Summer might be coming to an end, but there are still plenty of motorcycles hitting Maryland roads. And many motorcyclists will continue riding the open roads until the first snowfall.

However, regardless of the time of year, Maryland drivers and motorcyclists alike should always strive to share the road and reduce the chances of catastrophic motorcycle accidents.

Motorcycle accidents increasing lately

Maryland State Police recently reported that there have been six fatal motorcycle accidents since July 28. This is an alarmingly high number of accidents in such a short time, considering that there is an average of 70 fatalities in Maryland motorcycle accidents each year. 

This stark increase in crashes led Maryland Police to send out a warning to the public and all drivers that they must take steps to improve safety for all motorcyclists and motorists.

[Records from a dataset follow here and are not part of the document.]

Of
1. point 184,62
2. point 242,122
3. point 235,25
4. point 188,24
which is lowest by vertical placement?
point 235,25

Some of these recommended steps include:

  • Motorists taking great care when driving near motorcyclists
  • Drivers looking twice for motorcyclists
  • Motorcyclists avoiding speeding or aggressive driving
  • Motorcyclists wearing protective gear

Helmet use among motorcyclists is still an issue

Lack of helmet use is still a huge factor in many fatal motorcycle accidents. The subject of requiring motorcyclists to wear helmets can be controversial among many riders. However, Maryland law requires motorcyclists to wear proper protective gear, such as a helmet (Maryland Code, Transportation § 21-1306).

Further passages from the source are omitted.